The new episode of South Beach Sessions starts with real sentimentality, as Dan Le Batard opens his conversation with Mina Kimes by telling her how proud he is of her rise to stardom.
Le Batard noted that when Kimes first started showing up on TV and radio at ESPN, he could see her stress. While he framed it as a standard she held herself to, it seemed clear she felt pressure to be right about every point she made. He noted that, as a man on ESPN, he enjoyed a benefit of the doubt and a level of trust from the audience that Mina Kimes didn’t.
Kimes has been public in the past about the abuse she puts up with on social media.

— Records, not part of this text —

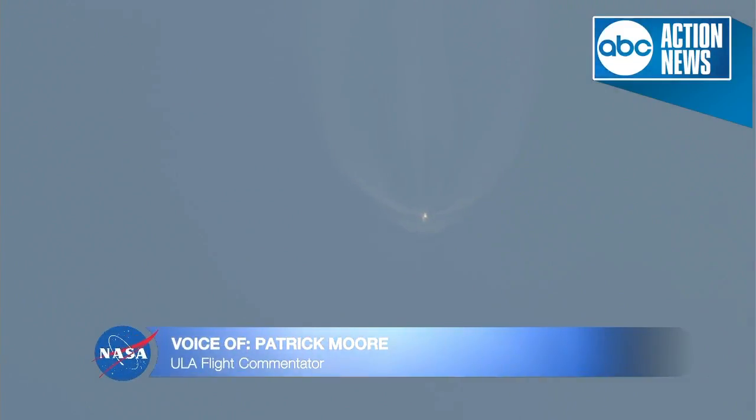Now passing 3 minutes into flight, approximately 1 minute remaining until booster engine cutoff. RD-180 continues to perform well. Vehicle trajectory continuing down the middle of the range track. ULA's Patrick Moore providing vehicle ascent data.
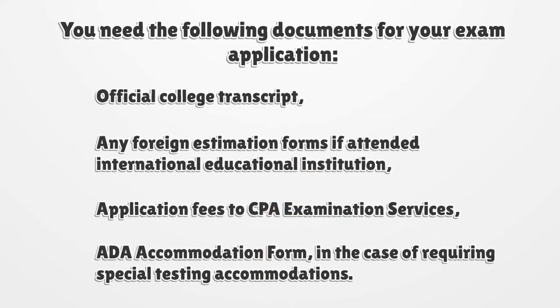You need the following documents for your exam application: official college transcript, any foreign evaluation forms if you attended an international educational institution, application fees to CPA examination services, and an ADA accommodation form in the case of requiring special testing accommodations.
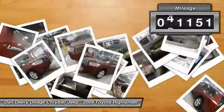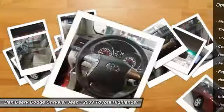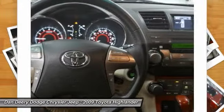JD Power and Associates gave the 2009 Highlander 4.5 out of 5 power circles for overall initial quality mechanical.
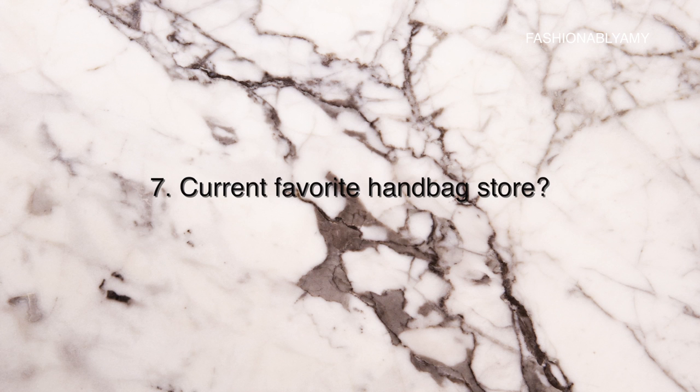Number seven: current favorite handbag store. I'm going to answer based on customer service, because when I get really good service I love going back. I've had really good service at LV, Hermes, and Chanel, but on the other hand I've also had less friendly experiences at those same stores on different visits. We don't actually have a standalone Celine store, so I bought mine at Nordstrom.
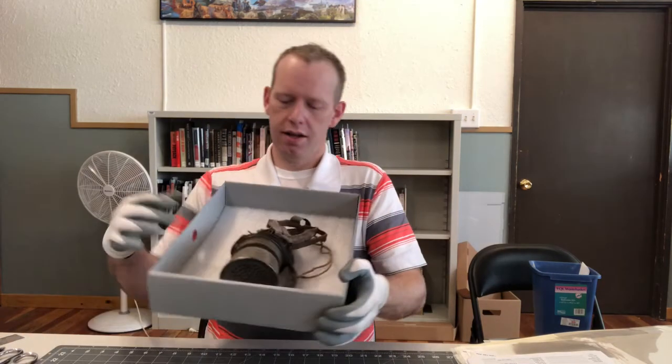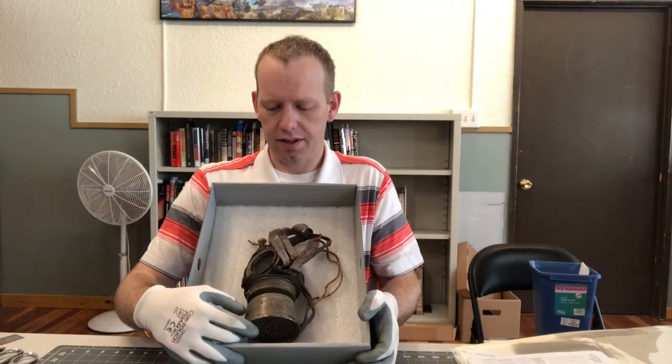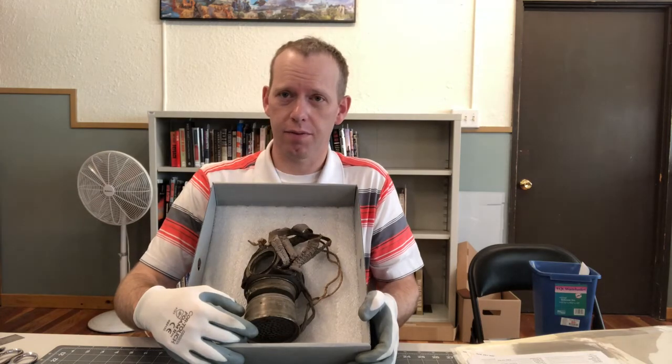With all the discussion of personal protective equipment lately, I wanted to share something very special. This is a German GM 1917 gas mask dating from the First World War.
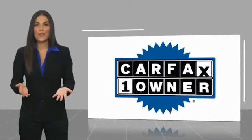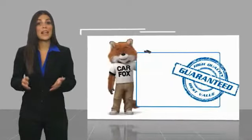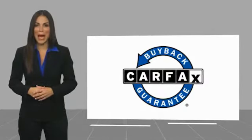This is a one-owner vehicle with a Carfax vehicle history report. Be sure to find a complimentary copy of this report online or contact the dealership. This vehicle qualifies for the Carfax buyback guarantee.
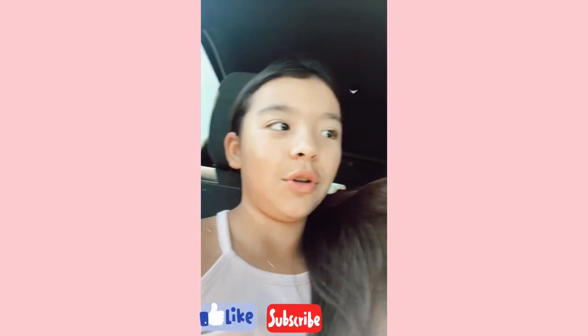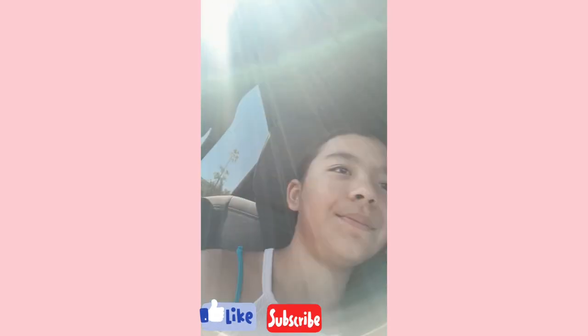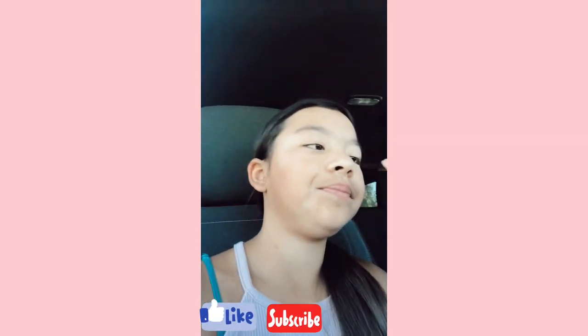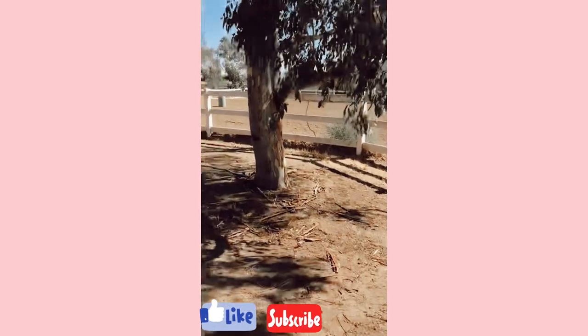Hey y'all, what's up, it's Olivia. If you're new, welcome! Today's video is farm vlog number three, and I'm super excited. I'm tired, which is okay, and it's like 2:25 or kind of close to there.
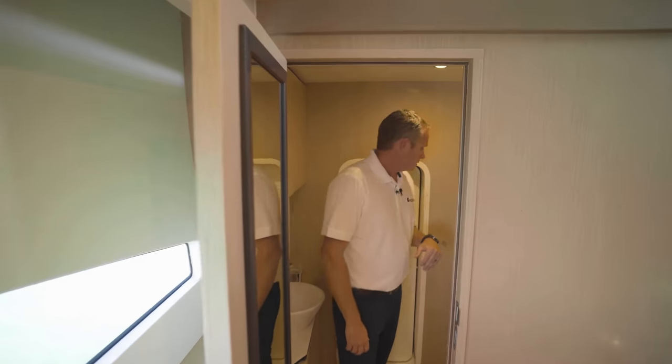My name is John Ross. Thank you for joining me today on board our flagship Aquila 70 Luxury Power Catamaran. If you'd like to find out more information, please visit AquilaBoats.com.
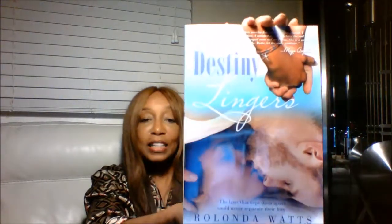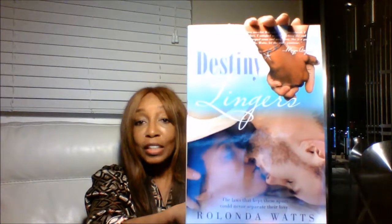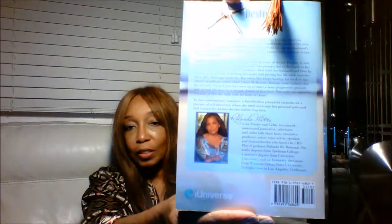Hi everyone, welcome back to Wine on Wednesday. In this segment we're going to talk about labels on wine and what they tell you. I'm here winding down for the evening reading a book and having a good glass of wine in my pajamas. The book I'm reading is called 'Destiny Lingers' by Rolanda Watts. I'm finishing off a bottle of cabernet sauvignon — it's a good dry wine to wind down with in the evening.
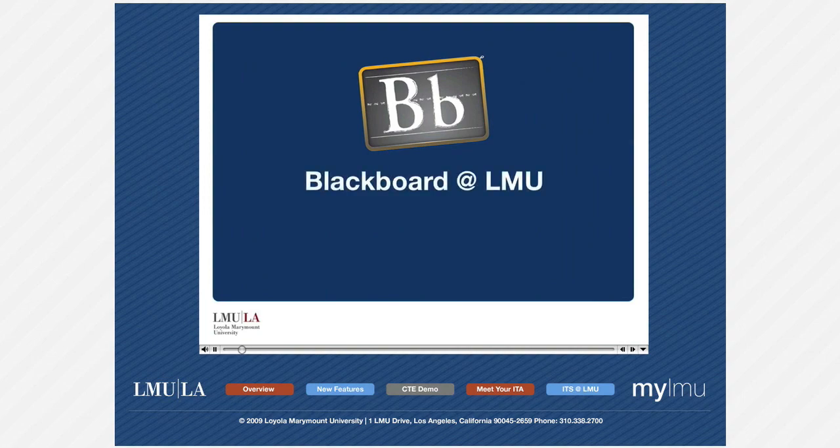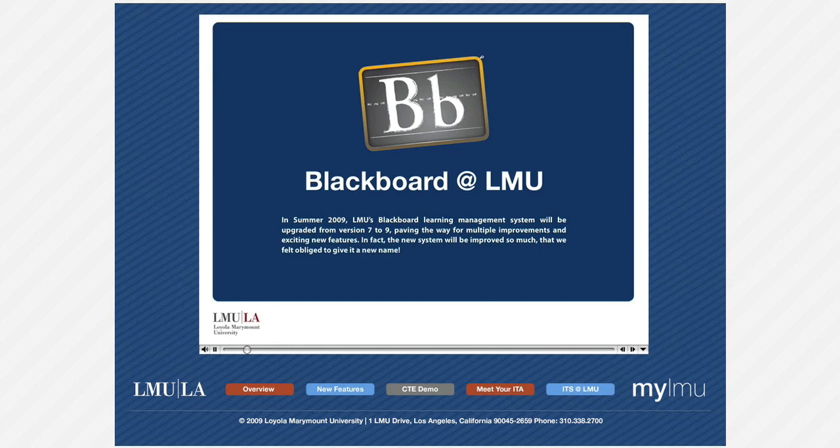Blackboard at LMU. In summer 2009, LMU's Blackboard learning management system will be upgraded from version 7 to 9, paving the way for multiple improvements and exciting new features. In fact, the new system will be improved so much that we felt obliged to give it a new name.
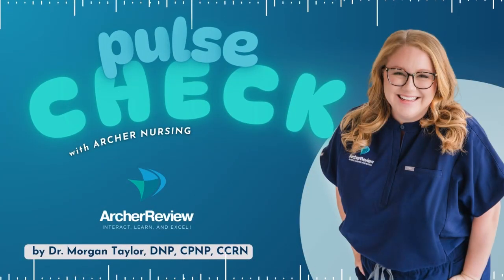Hello, and welcome to Pulse Check with Archer Nursing, where nursing comes to life. In this podcast, you give us 15 minutes of your day, and we'll take one complicated nursing topic and make it easy.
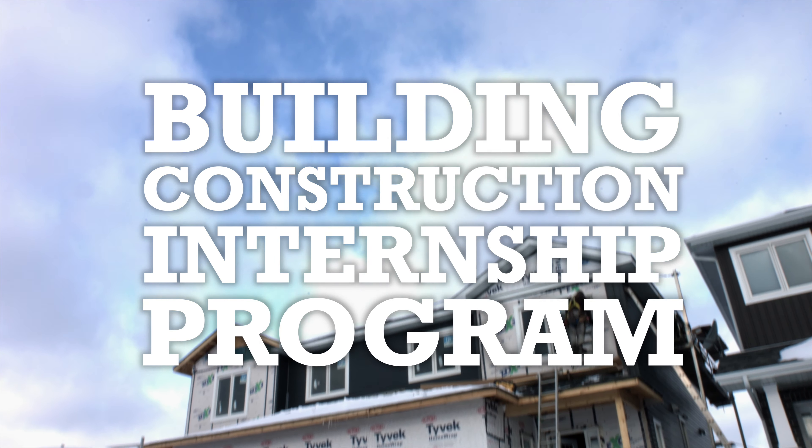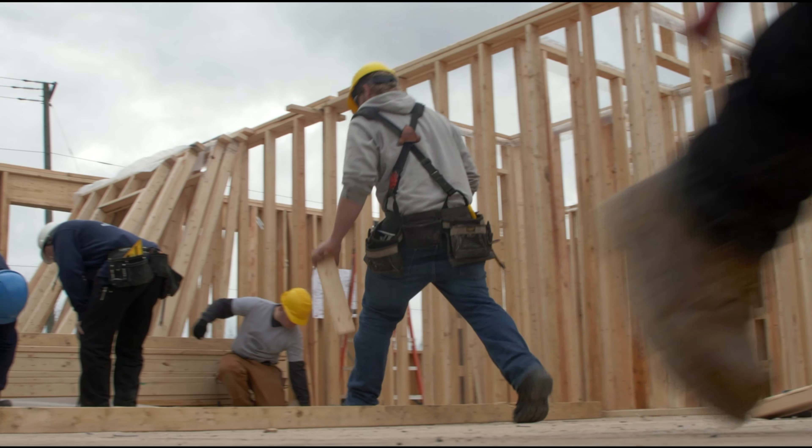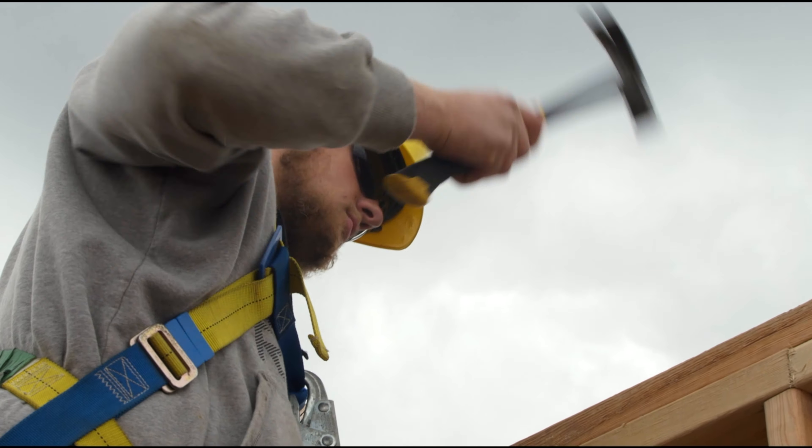The Building Construction Internship Program — this is our 95th house. This is the house that we built. I'm standing up on the second floor of the house. We started in the basement, built the first floor, built the exterior walls, and then built the second floor.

She said it wasn’t as simple fear of racism or sexism that motivated her in that way.
“Certainly, some of it is being an outsider and looking different. That arouses all kinds of feelings in people, not only negative ones,” she said. “Some of it, also, when you’re new, they’re more likely to judge negatively. And that was true, but also, I think, Dan, in retrospect, I could have gotten stuff wrong and I would have been fine. I could have made more mistakes and been looser earlier in my career and I would have survived.”
She compared the mindset of her early days on television to the way she feels now on the set of NFL Live. She describes the environment as one of true comfort. That has less to do with Laura Rutledge, Marcus Spears, and Dan Orlovsky and more to do with her approach to TV.
“It’s really fun. It’s really easy, and even if it’s not, great. It’s another day and it’s over,” she said.
Dan Le Batard noted that what Mina Kimes has now in her career “is true joy.” While he always enjoyed working with her on The Dan Le Batard Show and Highly Questionable, it is not something he always saw.
“I would say that Mina being that kind of comfortable with the experience was not something that was on Highly Questionable until the end.”
Le Batard has brought several of his favorite Highly Questionable colleagues with him to Meadowlark Media. He has said publicly that he hopes Kimes is next. In February, he tweeted at Bill Simmons that The Ringer will have to get in line behind his company to sign Kimes.